#### Working data ####
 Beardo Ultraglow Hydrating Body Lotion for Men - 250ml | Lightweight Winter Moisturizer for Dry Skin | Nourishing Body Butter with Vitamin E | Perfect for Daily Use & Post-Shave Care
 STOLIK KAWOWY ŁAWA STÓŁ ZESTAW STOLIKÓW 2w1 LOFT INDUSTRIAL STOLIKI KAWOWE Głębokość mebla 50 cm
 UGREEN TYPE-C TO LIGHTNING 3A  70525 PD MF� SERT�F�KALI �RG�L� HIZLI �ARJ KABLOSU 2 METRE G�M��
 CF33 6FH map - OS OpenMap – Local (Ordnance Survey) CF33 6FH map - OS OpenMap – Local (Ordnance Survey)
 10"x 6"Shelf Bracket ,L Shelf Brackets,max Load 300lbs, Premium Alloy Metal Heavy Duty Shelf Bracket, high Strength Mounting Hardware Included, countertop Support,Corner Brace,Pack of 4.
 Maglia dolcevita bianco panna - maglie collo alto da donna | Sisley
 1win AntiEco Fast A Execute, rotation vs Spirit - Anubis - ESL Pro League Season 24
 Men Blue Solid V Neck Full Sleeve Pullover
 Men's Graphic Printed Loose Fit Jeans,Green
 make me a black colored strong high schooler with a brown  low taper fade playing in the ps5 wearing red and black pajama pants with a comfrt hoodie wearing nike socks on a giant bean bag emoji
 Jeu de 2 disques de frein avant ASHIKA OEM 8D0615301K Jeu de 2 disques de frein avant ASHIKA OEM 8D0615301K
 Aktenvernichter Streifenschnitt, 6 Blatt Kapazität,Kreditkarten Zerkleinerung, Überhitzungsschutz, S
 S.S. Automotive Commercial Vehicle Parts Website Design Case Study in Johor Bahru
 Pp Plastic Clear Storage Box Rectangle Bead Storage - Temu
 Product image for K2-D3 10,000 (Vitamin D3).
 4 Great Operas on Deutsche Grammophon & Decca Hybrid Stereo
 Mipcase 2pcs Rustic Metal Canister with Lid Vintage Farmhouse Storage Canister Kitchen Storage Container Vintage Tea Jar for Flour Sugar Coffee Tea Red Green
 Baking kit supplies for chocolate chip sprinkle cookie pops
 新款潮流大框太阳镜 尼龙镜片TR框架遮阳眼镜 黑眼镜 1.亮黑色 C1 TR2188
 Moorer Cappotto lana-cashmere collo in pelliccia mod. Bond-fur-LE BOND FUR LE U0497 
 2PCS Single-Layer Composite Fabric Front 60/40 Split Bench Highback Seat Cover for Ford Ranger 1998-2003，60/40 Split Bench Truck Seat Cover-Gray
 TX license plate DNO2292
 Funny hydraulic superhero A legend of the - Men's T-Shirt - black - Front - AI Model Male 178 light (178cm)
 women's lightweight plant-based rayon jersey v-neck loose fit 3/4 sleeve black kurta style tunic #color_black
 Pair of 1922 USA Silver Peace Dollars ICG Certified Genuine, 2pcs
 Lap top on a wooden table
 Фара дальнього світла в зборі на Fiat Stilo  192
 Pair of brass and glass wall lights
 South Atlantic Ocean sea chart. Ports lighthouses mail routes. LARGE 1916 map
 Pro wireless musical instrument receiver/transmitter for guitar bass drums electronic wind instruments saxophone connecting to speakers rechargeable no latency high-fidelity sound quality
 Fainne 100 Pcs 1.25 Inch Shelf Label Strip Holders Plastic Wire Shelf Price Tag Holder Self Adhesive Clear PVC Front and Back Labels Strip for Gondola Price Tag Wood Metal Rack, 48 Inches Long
####
**Exercise requirements**
Start at the first line of the material and transcribe each line exactly, stopping once the line containing "Moorer Cappotto lana-cashmere" has been written.

**Solution to the exercise**
 Beardo Ultraglow Hydrating Body Lotion for Men - 250ml | Lightweight Winter Moisturizer for Dry Skin | Nourishing Body Butter with Vitamin E | Perfect for Daily Use & Post-Shave Care
 STOLIK KAWOWY ŁAWA STÓŁ ZESTAW STOLIKÓW 2w1 LOFT INDUSTRIAL STOLIKI KAWOWE Głębokość mebla 50 cm
 UGREEN TYPE-C TO LIGHTNING 3A  70525 PD MF� SERT�F�KALI �RG�L� HIZLI �ARJ KABLOSU 2 METRE G�M��
 CF33 6FH map - OS OpenMap – Local (Ordnance Survey) CF33 6FH map - OS OpenMap – Local (Ordnance Survey)
 10"x 6"Shelf Bracket ,L Shelf Brackets,max Load 300lbs, Premium Alloy Metal Heavy Duty Shelf Bracket, high Strength Mounting Hardware Included, countertop Support,Corner Brace,Pack of 4.
 Maglia dolcevita bianco panna - maglie collo alto da donna | Sisley
 1win AntiEco Fast A Execute, rotation vs Spirit - Anubis - ESL Pro League Season 24
 Men Blue Solid V Neck Full Sleeve Pullover
 Men's Graphic Printed Loose Fit Jeans,Green
 make me a black colored strong high schooler with a brown  low taper fade playing in the ps5 wearing red and black pajama pants with a comfrt hoodie wearing nike socks on a giant bean bag emoji
 Jeu de 2 disques de frein avant ASHIKA OEM 8D0615301K Jeu de 2 disques de frein avant ASHIKA OEM 8D0615301K
 Aktenvernichter Streifenschnitt, 6 Blatt Kapazität,Kreditkarten Zerkleinerung, Überhitzungsschutz, S
 S.S. Automotive Commercial Vehicle Parts Website Design Case Study in Johor Bahru
 Pp Plastic Clear Storage Box Rectangle Bead Storage - Temu
 Product image for K2-D3 10,000 (Vitamin D3).
 4 Great Operas on Deutsche Grammophon & Decca Hybrid Stereo
 Mipcase 2pcs Rustic Metal Canister with Lid Vintage Farmhouse Storage Canister Kitchen Storage Container Vintage Tea Jar for Flour Sugar Coffee Tea Red Green
 Baking kit supplies for chocolate chip sprinkle cookie pops
 新款潮流大框太阳镜 尼龙镜片TR框架遮阳眼镜 黑眼镜 1.亮黑色 C1 TR2188
 Moorer Cappotto lana-cashmere collo in pelliccia mod. Bond-fur-LE BOND FUR LE U0497 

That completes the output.